November 21, 2024

Many have heard of the government’s improper use of eminent domain to take private property, usually in ‘blighted areas’ for  redevelopment and improvement. Right here in San Diego eminent domain was used to take some of the land to put in the new downtown baseball stadium, Petco Park.

It seems now that LA County has put another twist on taking private property. Yes, it looks like they are using unreasonable, stringent code enforcement to force a number of homeowners in the Antelope Valley off their property. The Antelope Valley is a vast patch of desert on the outskirts of Los Angeles County, and a segment of the few rugged individualists who live out there increasingly are finding themselves the targets of armed raids from local code enforcement agents, who’ve assembled into task forces called Nuisance Abatement Teams (NATs).

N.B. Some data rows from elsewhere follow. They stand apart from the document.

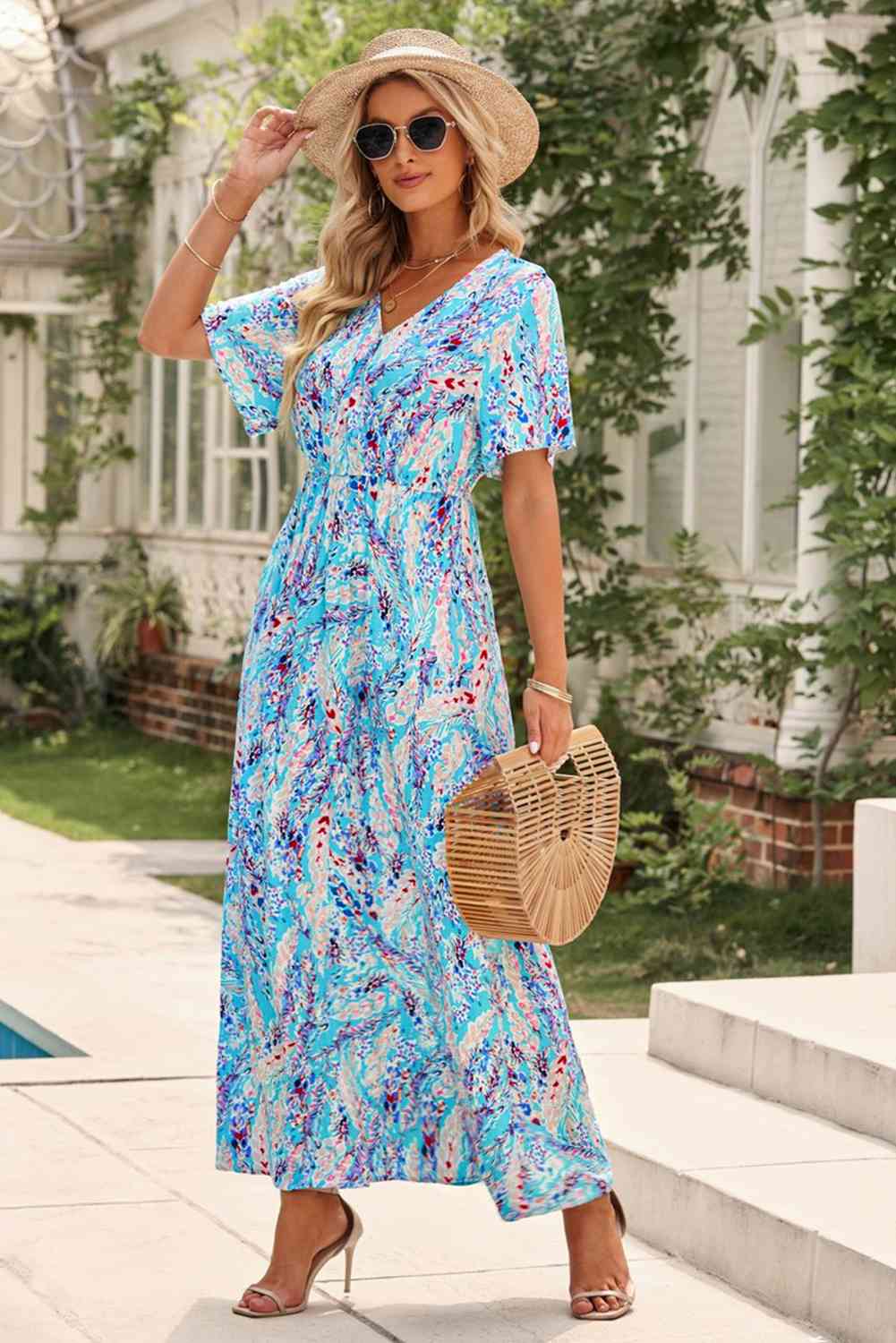 Multicolored V-Neck Maxi Dress (BWMT) T - Deals DejaVu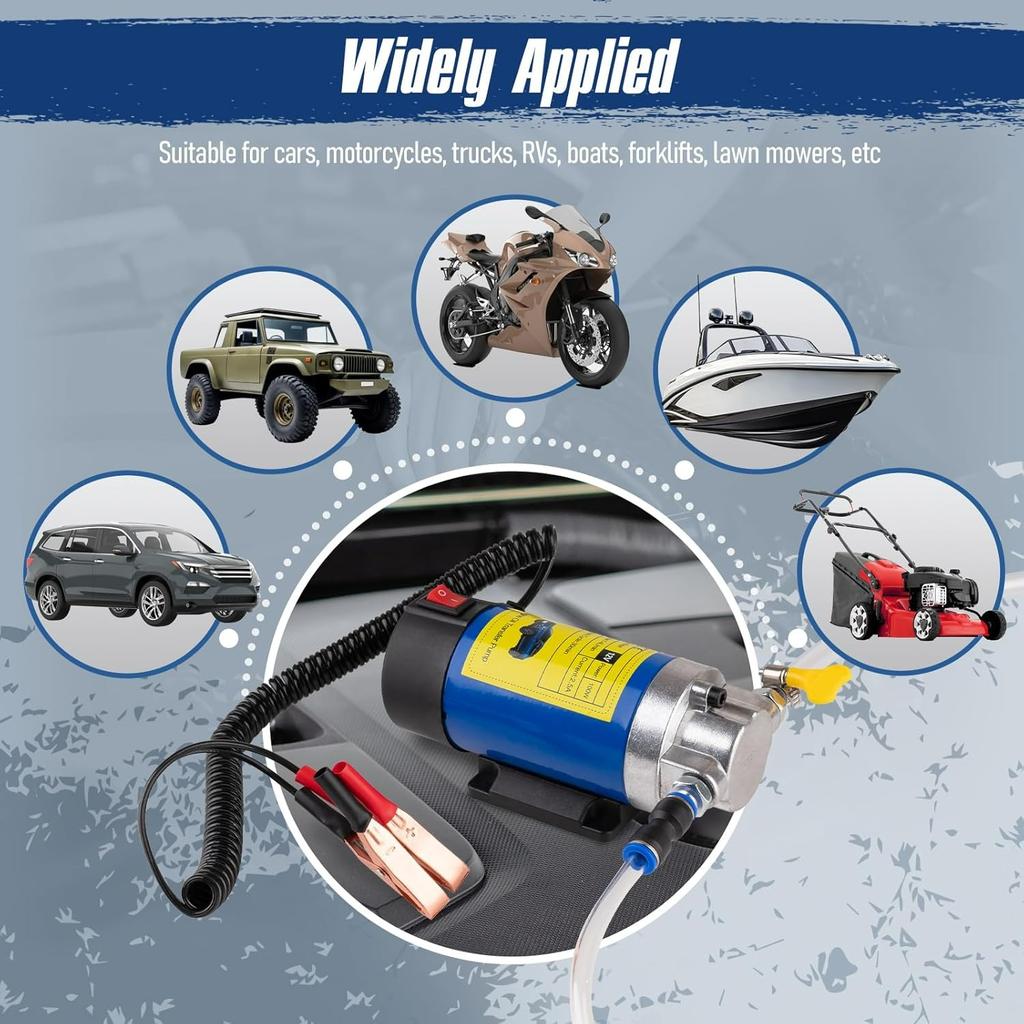 Oil Extractor Pump 12V 100W,Ultra-Quiet Fluid Transfer Pump for Engine Oil,Transmission Fluid,Gear Oil Change - Self-Priming Oil Change Pump for Car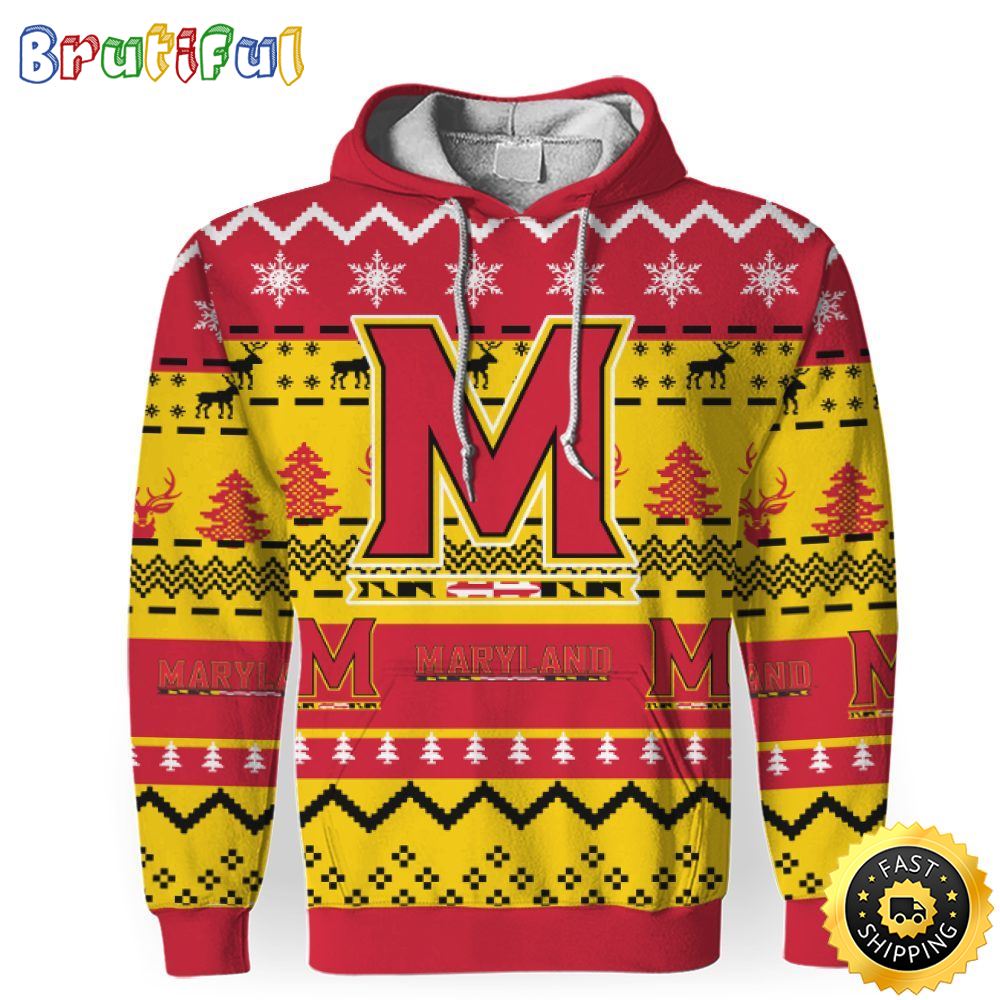 NCAA Maryland Terrapins Red Yellow Christmas Football Christmas Hoodie All Over Print Shirt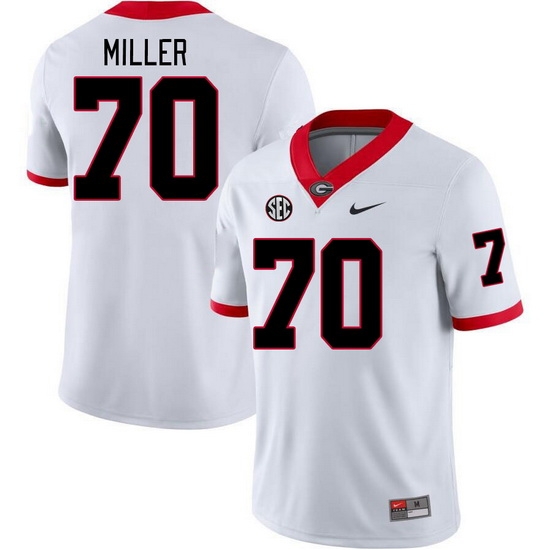 Men #70 Joshua Miller Georgia Bulldogs College Football Jerseys Stitched-White Men #70 Joshua Miller Georgia Bulldogs College Football Jerseys Stitched-White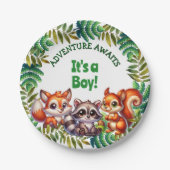 Abenteuer wartet Es ist eine Baby-Dusche Pappteller (Vorderseite)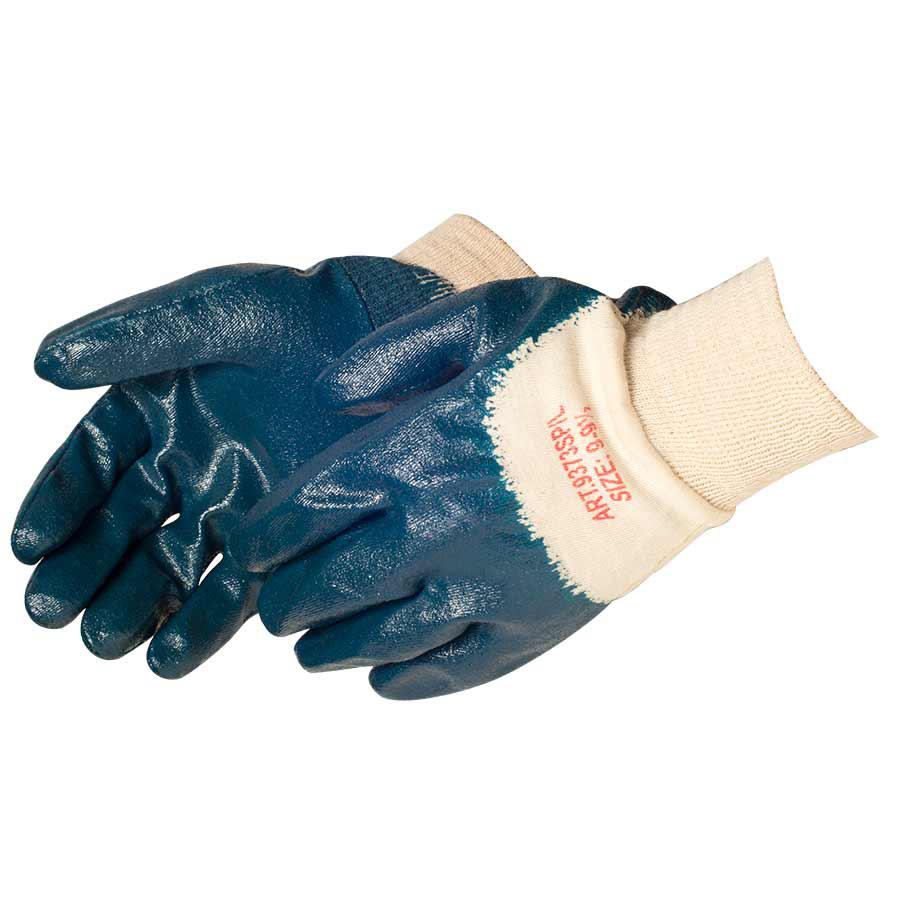 Glove, Standard Weight, XL Size, Nitrile, Blue, Palm Coated, Interlock Lining, Knit Wrist Cuff, Resists: Chemical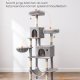 FEANDREA PCT196W01 Kattet�rn, Slankt Kattet�rn, Store Katte, Station�r, Pladsbesparende, Nem Klatring, Stor H�ngek�je, Eliminerer Mangel p� Motion, Flere Hoveder 199 cm H�jde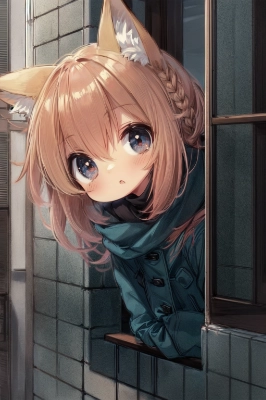 窓から覗く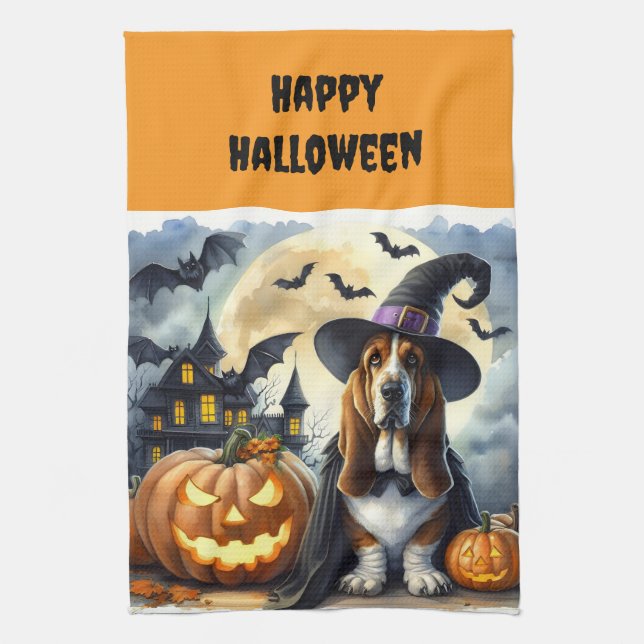 Halloween Häxa Hund Köks Handdukar (Vertikal)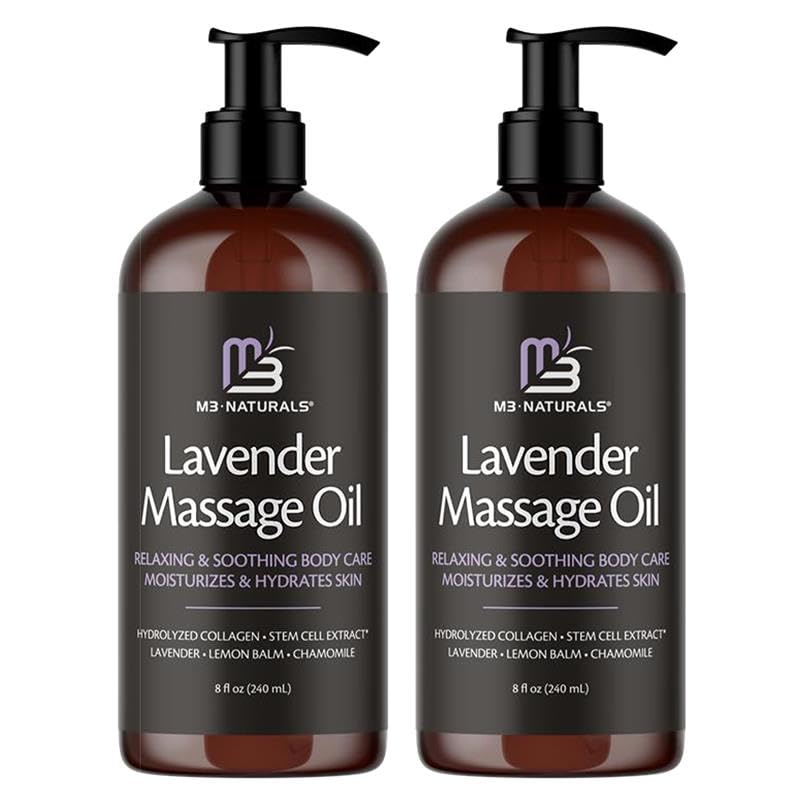 M3 Naturals Firming Body Massage Oil with Collagen & Stem Cell – Helps Smooth The Appearance of Cellulite & Improve Skin Texture – Refreshing Aromatherapy Body Oil for Legs & Full Body – 8 Fl Oz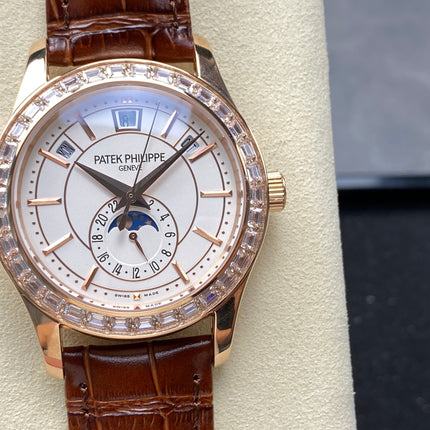 ANNUAL CALENDAR ROSE GOLD ATTACHED DIAMOND BEZEL WHITE DIAL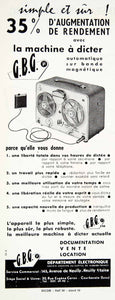 1957 Ad French Advertisement G. B. G. Departement Electronique Machine VENA6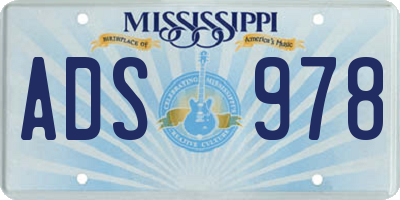 MS license plate ADS978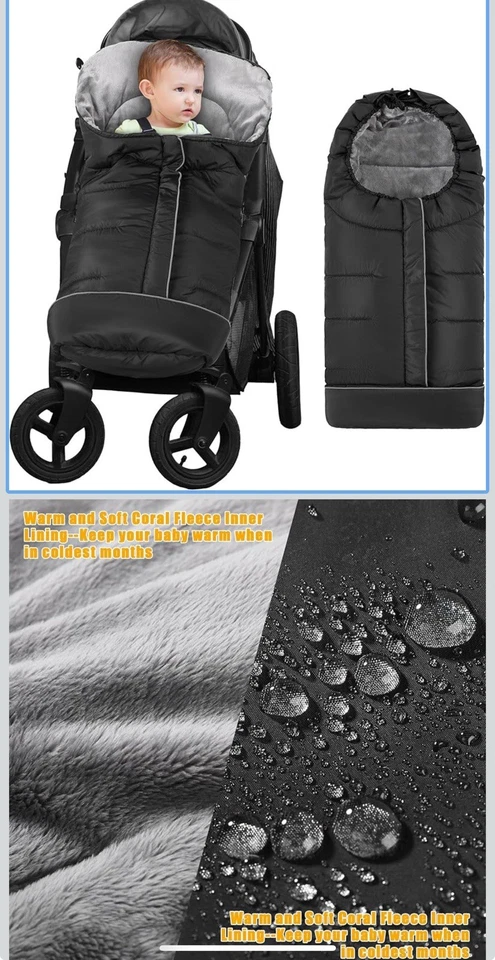 Carrinho Footmuff, Capa Inverno Bebê Criança, Universal Foot Muff Lã - Imagem 3 de 4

httpv://www.youtube.com/watch?v=yw3RiMdS7sE

The plight of the Valley’s desert dwellers made regional headlines when county officials ordered the destruction of Phonehenge: a towering, colorful castle constructed out of telephone poles by retired phone technician Kim Fahey. Fahey was imprisoned and charged with several misdemeanors.

But Fahey is just one of many who’ve been targeted by the NATs, which were assembled at the request of County Supervisor Mike Antonovich in 2006. LA Weekly reporter Mars Melnicoff wrote an in-depth article in which she exposed the county’s tactic of badgering residents with minor, but costly, code violations until they face little choice but to vacate the land altogether.

“They’re picking on the the people who are the most defenseless and have the least resources,” says Melnicoff.

Reason.tv collaborated with Melnicoff to talk with some of the NAT’s targets, such as retired veteran Joey Gallo, who might face homelessness if he’s forced to leave his house, and local pastor Oscar Castaneda, who says he’s already given up the fight and is in the process of moving off the land he and his wife have lived on for 22 years. And, while Antonovich declined an interview, we did catch up with him at a public meeting in order to ask the big question at the center of all this: Why the sudden enforcement of these codes against people living in the middle of the desert, who seemingly are affecting no one?